What you do is, once you've wandered inside, and the automatic doors have done their opening-and-closing routine, you buy a ticket. That's right, a ticket. You put your thousand yen into the machine (roughly ten bucks), and out pops a ticket, and down you sit, and you wait.

There were two stylists, one male, one female, both in their twenties. They were hard at work on people's heads. Their motions seemed to be synchronized, these two. They finished at the same time. Took out a small mirror to show the customer the back of the head at the same time. Almost even bowed at the same time.

And then they both took out a vacuum hose and vacuumed their client's head.

Is this normal?

Is this usually done?

Do other salons, classy salons, non-ten-minute salons in other countries vacuum people's heads? I'm just wondering.
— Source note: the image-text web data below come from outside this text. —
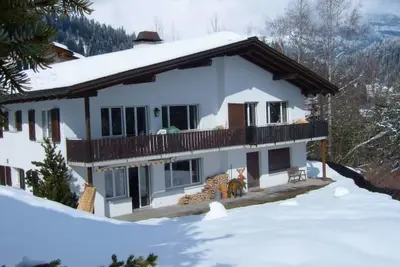 Image de Surrieven / Zwicker, (Laax Dorf). 3. 5 Zimmerwohnung by Interhome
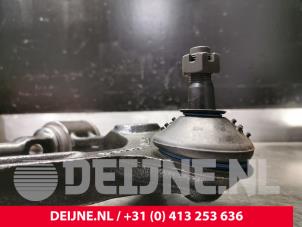 Toyota Hiace Querlenker oben rechts vorne O71655 foto 3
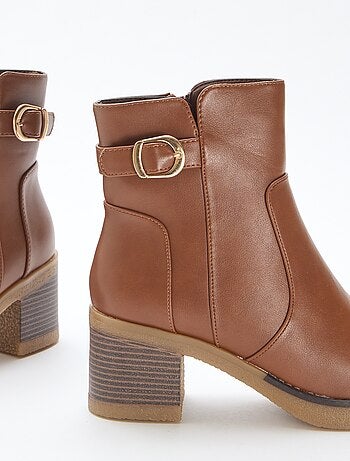 Botines con tiras de hebillas doradas
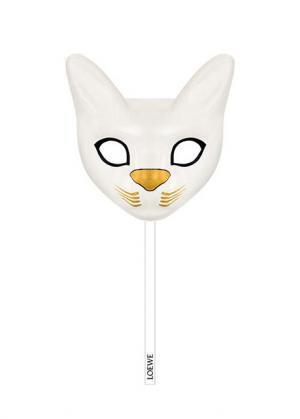 ロエベ、今季キーモチーフの「キャット フェイスネックレス」をFNO当日に先行発売！猫マスクもプレゼント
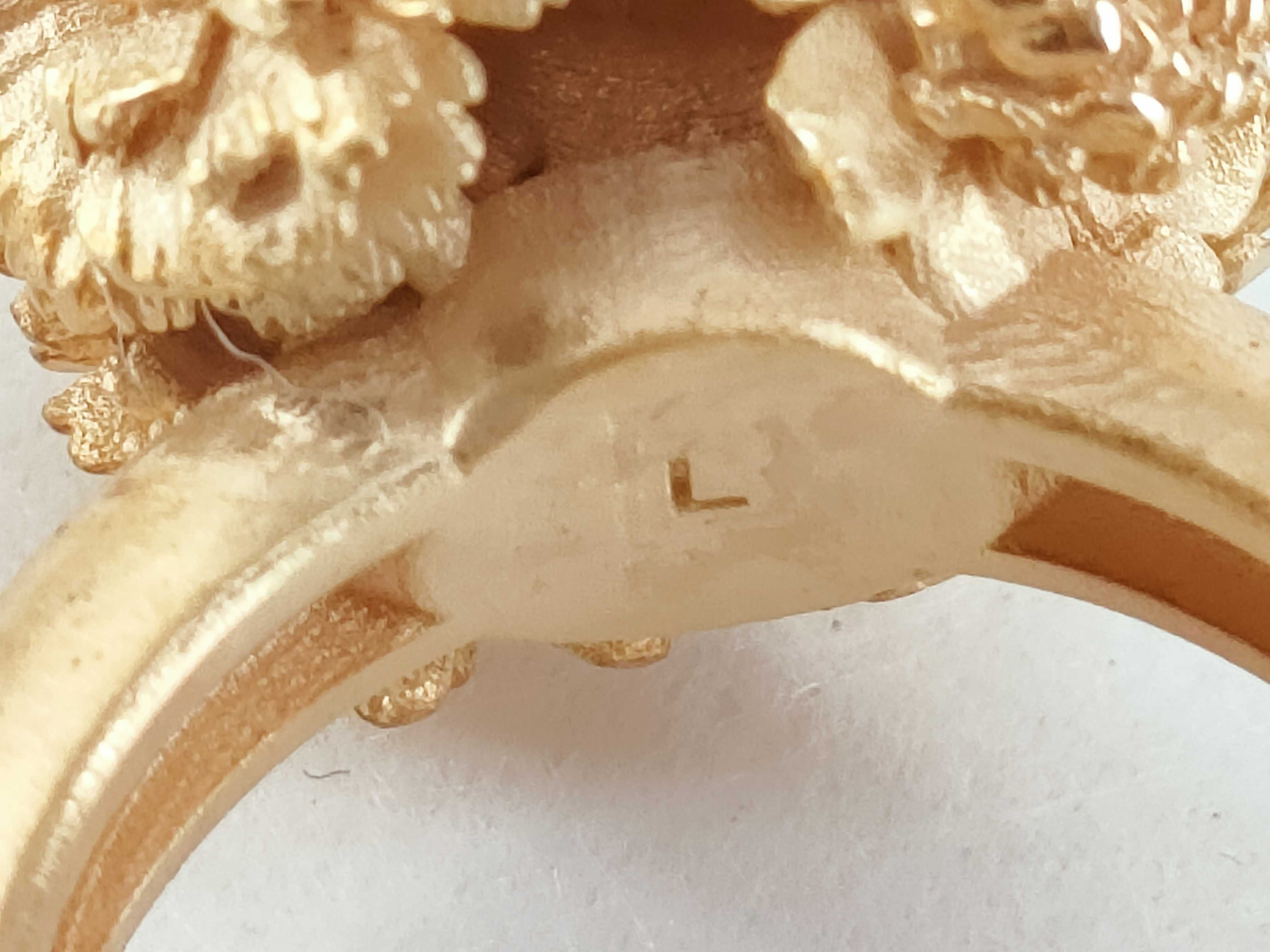 Flower Pearl Ring, Size L — view 5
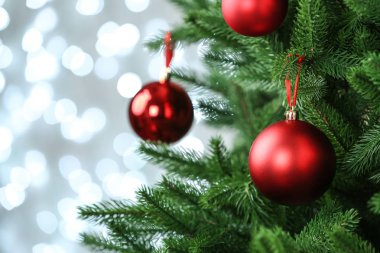 Arka plandaki bulanık ışıklara karşı süslenmiş Noel ağacı. Bokeh etkisi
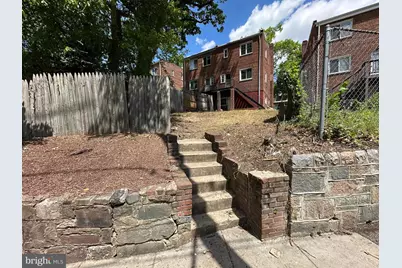 521 Oakwood Street SE, Washington, DC 20032 - Photo 3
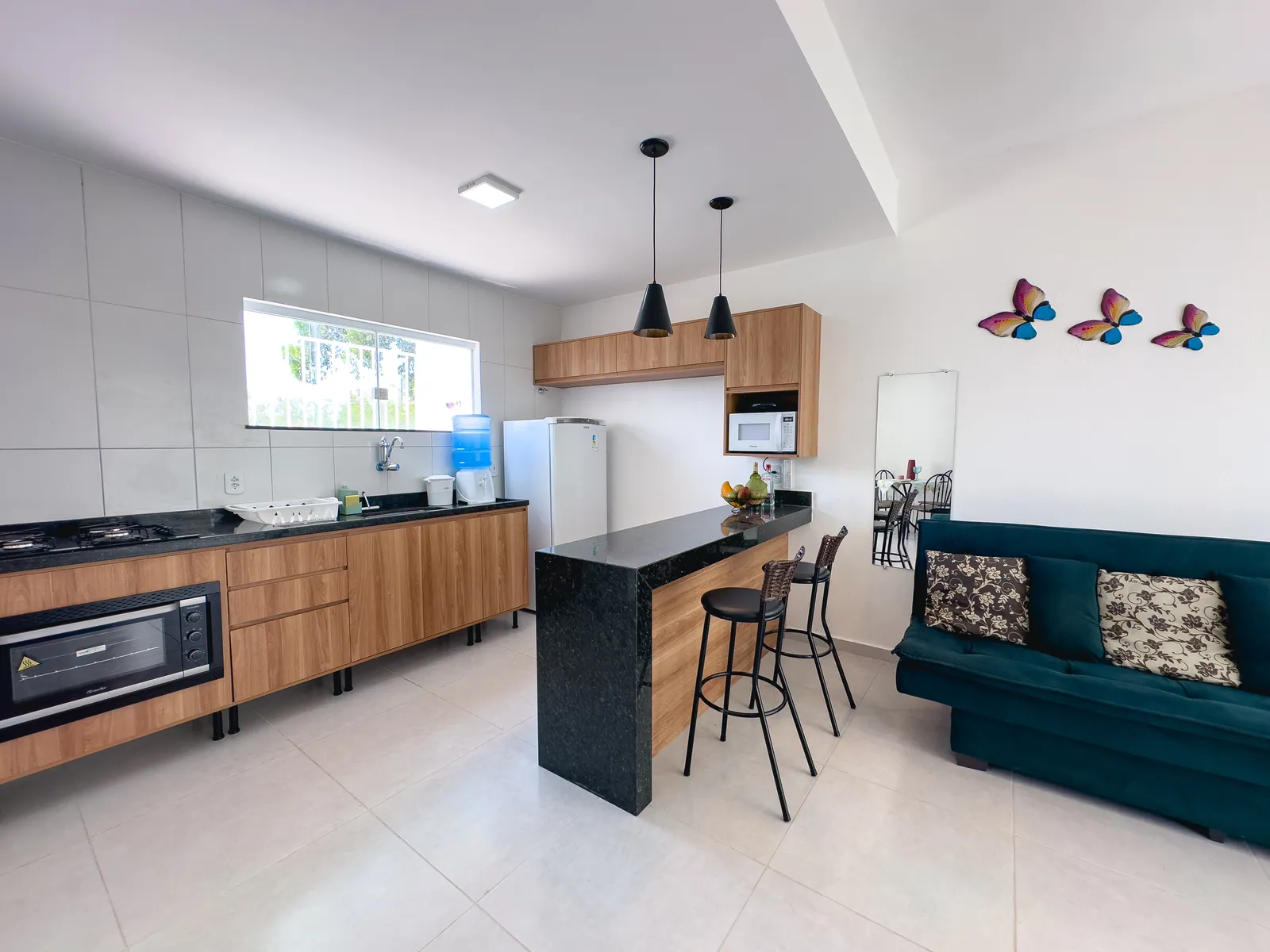 Sala de estar integrada à cozinha americana do apartamento duplex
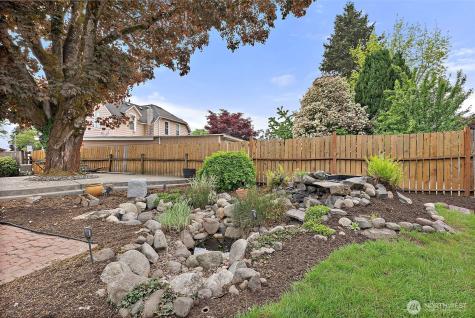 501 7th Avenue NW Puyallup WA 98371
And I don't mean that it was an elegant, expensive hair dryer that had a suction cup nestled delicately on the tip; I mean it was a vacuum hose, and they vacuumed the person's head.

Soon it was my turn.

My bag was on the floor, by my chair, but the stylist motioned me to put it into the cabinet in front of the barber chair. Of course. There was a space provided. I took off my classes and placed them in a plastic case. Of course. There was a case provided. I told her how I wanted my head to look. She politely nodded and got to work.

Ten minutes later, precisely, I was done.

She took out another vacuum hose, different than the one that had moments before suffocated (but not unpleasantly) my head, and all of my hacked-away brown hair, which lay haphazardly decorating the white pristine floor, was suddenly sucked away into a whole in the side of the wall.

And that was that.

Sides clipped. Back snipped. Front closely trimmed.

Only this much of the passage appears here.